成人艳情一二三区按摩_中文字幕无码乱人伦漫画_538在线播放视频_国产免费午夜一区二区视频_亚洲综合色区另类aⅴ_大蕉无码视频在线中文字幕_久久国产精品久久精国产蜜桃AV

We call into question the recently popularized method of direct model editing as a means of correcting factual errors in LLM generations. We contrast model editing with three similar but distinct approaches that pursue better defined objectives: (1) retrieval-based architectures, which decouple factual memory from inference and linguistic capabilities embodied in LLMs; (2) concept erasure methods, which aim at preventing systemic bias in generated text; and (3) attribution methods, which aim at grounding generations into identified textual sources. We argue that direct model editing cannot be trusted as a systematic remedy for the disadvantages inherent to LLMs, and while it has proven potential in improving model explainability, it opens risks by reinforcing the notion that models can be trusted for factuality. We call for cautious promotion and application of model editing as part of the LLM deployment process, and for responsibly limiting the use cases of LLMs to those not relying on editing as a critical component.

相關內容

MoDELS

關注 43

ACM/IEEE第23屆模型驅動工程語言和系統國際會議，是模型驅動軟件和系統工程的首要會議系列，由ACM-SIGSOFT和IEEE-TCSE支持組織。自1998年以來，模型涵蓋了建模的各個方面，從語言和方法到工具和應用程序。模特的參加者來自不同的背景，包括研究人員、學者、工程師和工業專業人士。MODELS 2019是一個論壇，參與者可以圍繞建模和模型驅動的軟件和系統交流前沿研究成果和創新實踐經驗。今年的版本將為建模社區提供進一步推進建模基礎的機會，并在網絡物理系統、嵌入式系統、社會技術系統、云計算、大數據、機器學習、安全、開源等新興領域提出建模的創新應用以及可持續性。官網鏈接： · Cocoa · Performer · Learning · 最優化 ·

2023 年 12 月 5 日

Continual Learning with Distributed Optimization: Does CoCoA Forget?
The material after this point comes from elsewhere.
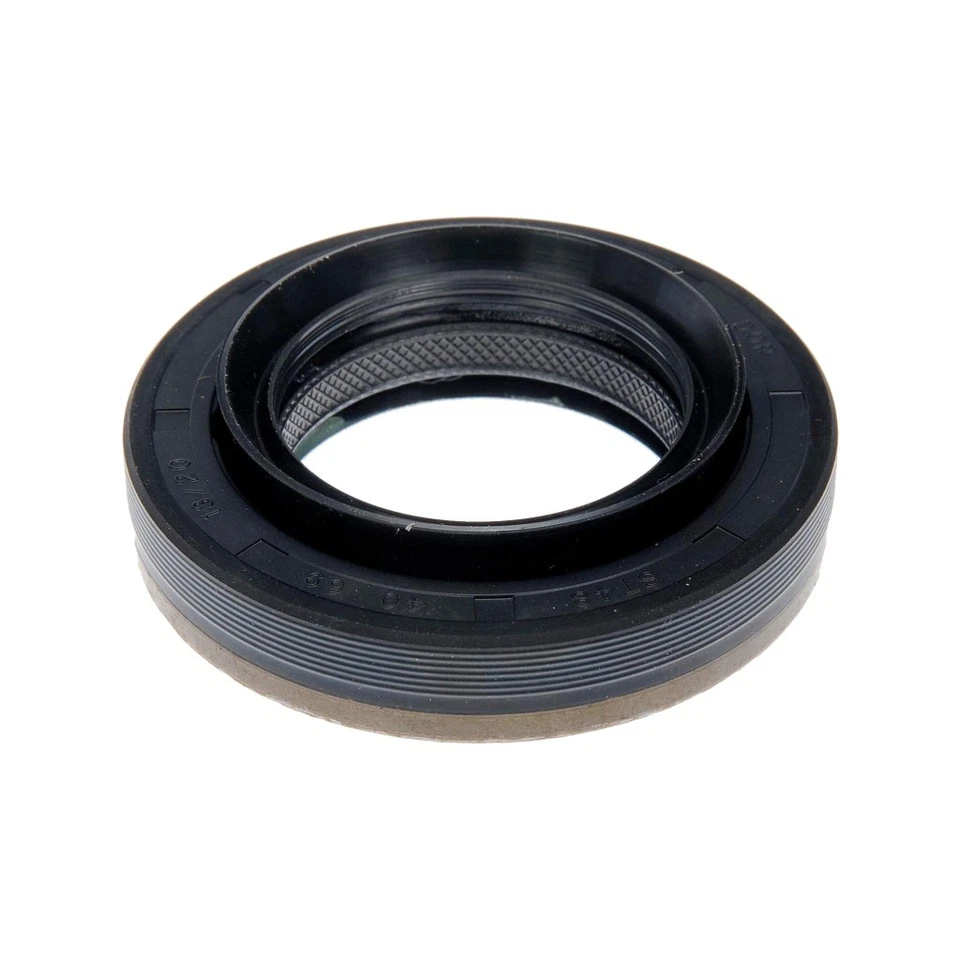 Sello de aceite diferencial para GMC Envoy XUV 2004 2005 | Goma y acero | Llanta redonda Foto 1 de 4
Martin Hellkvist,Ay?a ?z?elikkale,Anders Ahlén

We focus on the continual learning problem where the tasks arrive sequentially and the aim is to perform well on the newly arrived task without performance degradation on the previously seen tasks. In contrast to the continual learning literature focusing on the centralized setting, we investigate the distributed estimation framework. We consider the well-established distributed learning algorithm COCOA. We derive closed form expressions for the iterations for the overparametrized case. We illustrate the convergence and the error performance of the algorithm based on the over/under-parameterization of the problem. Our results show that depending on the problem dimensions and data generation assumptions, COCOA can perform continual learning over a sequence of tasks, i.e., it can learn a new task without forgetting previously learned tasks, with access only to one task at a time.

Readability · 情景 · GROUP · 多樣性 · state-of-the-art ·

2023 年 12 月 4 日

Know Your Audience: Do LLMs Adapt to Different Age and Education Levels?
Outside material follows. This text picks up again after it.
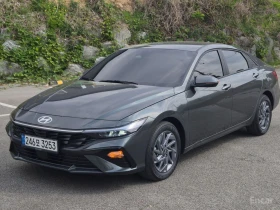 Hyundai Elantra 1.6 Modern* ПОДГРЕВ* ОБДУХВАНЕ* КРАЙНА ЦЕНА*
Donya Rooein,Amanda Cercas Curry,Dirk Hovy

Large language models (LLMs) offer a range of new possibilities, including adapting the text to different audiences and their reading needs. But how well do they adapt? We evaluate the readability of answers generated by four state-of-the-art LLMs (commercial and open-source) to science questions when prompted to target different age groups and education levels. To assess the adaptability of LLMs to diverse audiences, we compare the readability scores of the generated responses against the recommended comprehension level of each age and education group. We find large variations in the readability of the answers by different LLMs. Our results suggest LLM answers need to be better adapted to the intended audience demographics to be more comprehensible. They underline the importance of enhancing the adaptability of LLMs in education settings to cater to diverse age and education levels. Overall, current LLMs have set readability ranges and do not adapt well to different audiences, even when prompted. That limits their potential for educational purposes.

Processing（編程語言） · Analysis · INTERACT · Performer · 可理解性 ·

2023 年 12 月 4 日

What User Behaviors Make the Differences During the Process of Visual Analytics?

Zekun Wu,Shahin Doroudian,Aidong Lu

from arxiv, This version corrects the issues of previous versions

The understanding of visual analytics process can benefit visualization researchers from multiple aspects, including improving visual designs and developing advanced interaction functions. However, the log files of user behaviors are still hard to analyze due to the complexity of sensemaking and our lack of knowledge on the related user behaviors. This work presents a study on a comprehensive data collection of user behaviors, and our analysis approach with time-series classification methods. We have chosen a classical visualization application, Covid-19 data analysis, with common analysis tasks covering geo-spatial, time-series and multi-attributes. Our user study collects user behaviors on a diverse set of visualization tasks with two comparable systems, desktop and immersive visualizations. We summarize the classification results with three time-series machine learning algorithms at two scales, and explore the influences of behavior features. Our results reveal that user behaviors can be distinguished during the process of visual analytics and there is a potentially strong association between the physical behaviors of users and the visualization tasks they perform. We also demonstrate the usage of our models by interpreting open sessions of visual analytics, which provides an automatic way to study sensemaking without tedious manual annotations.

2023 年 12 月 3 日

Unsupervised Approach to Evaluate Sentence-Level Fluency: Do We Really Need Reference?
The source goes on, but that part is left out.